Ucapnya dalam hati sambil tersenyum dan meminum kembali kopi yang ada di
tangannya.

Lamunan Andini kepada senja tidak berlangsung lama. Pandangannya teralihkan


dengan anak yang mendorong gerobak barang bekas dan masih menggunakan seragam
sekolah anak SD. Bola matanya mengikuti perjalanan anak tersebut hingga tak tampak lagi di
pandanganya. Anak tersebut memang setiap hari lewat di depan rumah Andini, dengan
seragam dan gerobak yang didorongnya. Dengan muka polos dan ceria seakan tak ada beban.
Lagi, andini selalu tersenyum ketika melihat anak tersebut, seakan dunia yang ia rasakan
hanya sementara dan menjalankan hidup dengan penuh cinta adalah salah satu cara kita untuk
bersyukur kepada Allah atas semua nikmat yang diberikannya.
***

“dini........” suara ibu dari dapur membangunkan Andini dari tidurnya. Andini
langsung beranjak dari tempat tidurnya dan mengambil wudhu untuk melaksanakan sholat
subuh. Setelah bersiap-siap, seperti biasa Andini mengunjungi kedai kopinya untuk
mengontrol kegiatan jual beli yang ada di kedainya tersebut. Entah itu untuk membantu
barista membuat kopi ataupun membantu melayani pelanggan. Bagi Andini ia dan
karyawannya sama saja, tidak ada jarak antara mereka. Semuanya sama bagi Andini yaitu
mencari nafkah dengan cara bekerja.

Ada satu karyawannya, yang ia sangat kagumi dari semangat berkerja yang dilakukan
karyawan tersebut. Namanya ibu Ida, walaupun usianya tak lagi muda namun semangat dan
tenaganya sama dengan karyawan yang lebih muda darinya.

“pagi neng....”

Sapa bu Ida kepada Andini sembari tersenyum dengan senyuman yang sangat ramah.

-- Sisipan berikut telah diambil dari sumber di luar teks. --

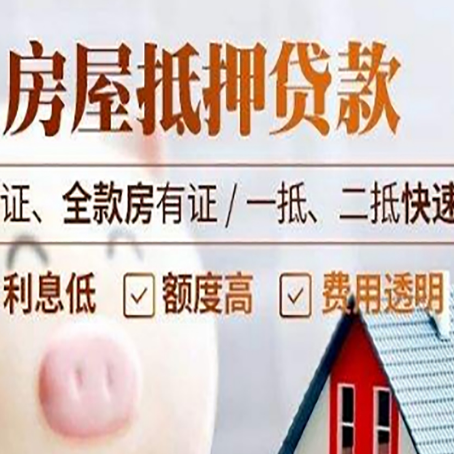 罗庄房子抵押贷款利率上涨对市场的影响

“pagi juga bu, ibu Ida sudah sarapan ?”

Tanya Andini kepada ibu Ida sambil tersenyum ramah padanya.

“su.. su.. sudah neng”

Jawab bu ida ragu-ragu, seolah ada yang disembunyikan ibu Ida kepada Andini.

“oh baiklah bu, saya lanjut dulu ya bu”

Jawab Andini kepada bu Ida, sembari meninggalkannya.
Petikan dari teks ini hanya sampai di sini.